### Task
An exact copy is required of the lines running from the one that contains "有清堂黑胡桃木围炉煮茶庭院火" to the end of the material, both ends included, with pictures omitted.

### Given material
#####
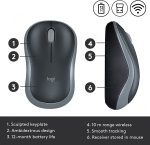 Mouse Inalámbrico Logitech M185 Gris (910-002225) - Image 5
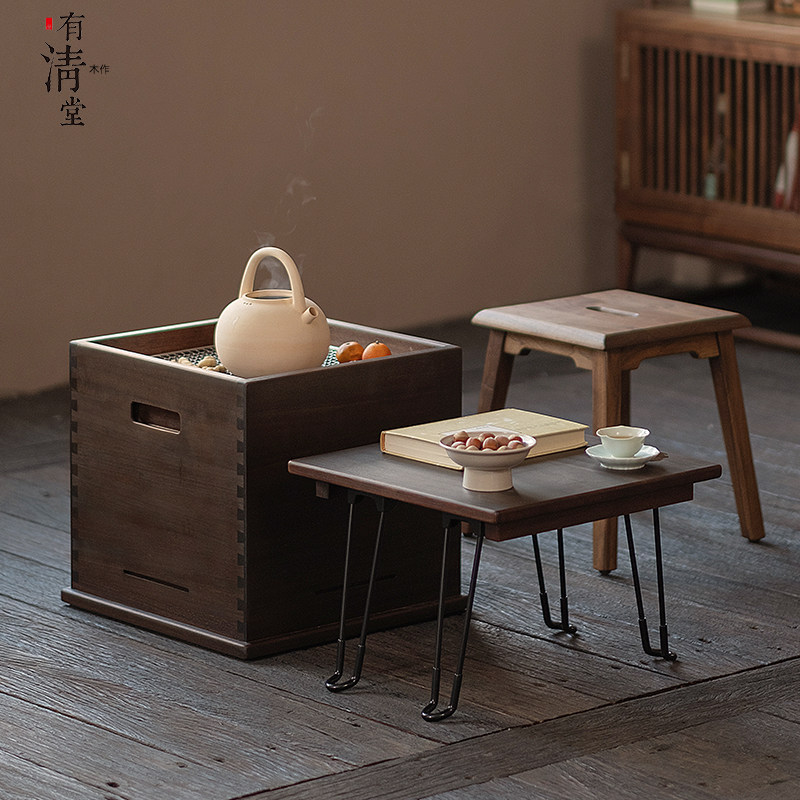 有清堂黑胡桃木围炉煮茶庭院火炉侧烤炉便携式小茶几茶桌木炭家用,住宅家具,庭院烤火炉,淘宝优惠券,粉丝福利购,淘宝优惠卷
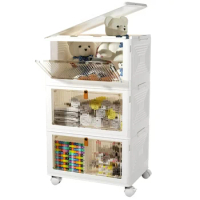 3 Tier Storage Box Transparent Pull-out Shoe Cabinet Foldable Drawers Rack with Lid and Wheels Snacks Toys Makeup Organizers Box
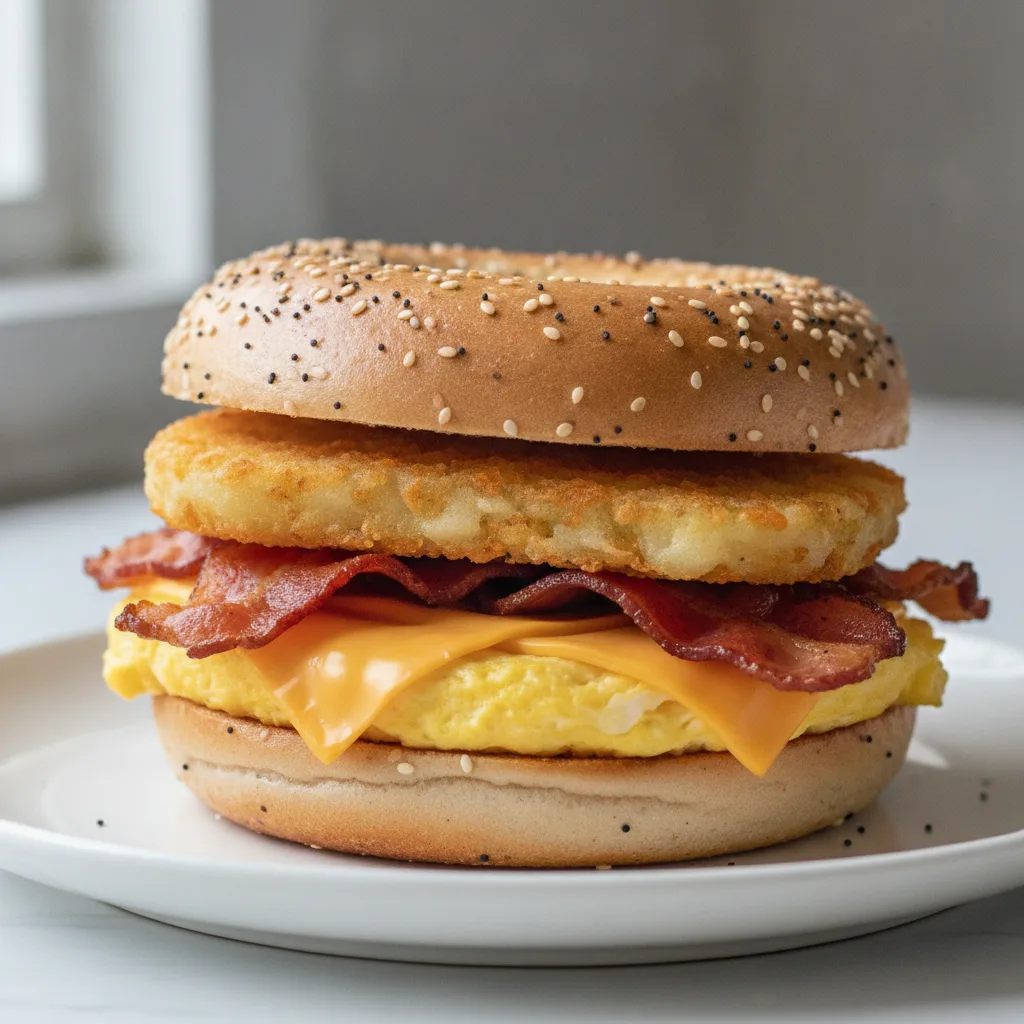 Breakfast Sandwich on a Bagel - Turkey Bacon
#####
### Solved problem
 有清堂黑胡桃木围炉煮茶庭院火炉侧烤炉便携式小茶几茶桌木炭家用,住宅家具,庭院烤火炉,淘宝优惠券,粉丝福利购,淘宝优惠卷
 3 Tier Storage Box Transparent Pull-out Shoe Cabinet Foldable Drawers Rack with Lid and Wheels Snacks Toys Makeup Organizers Box
 Breakfast Sandwich on a Bagel - Turkey Bacon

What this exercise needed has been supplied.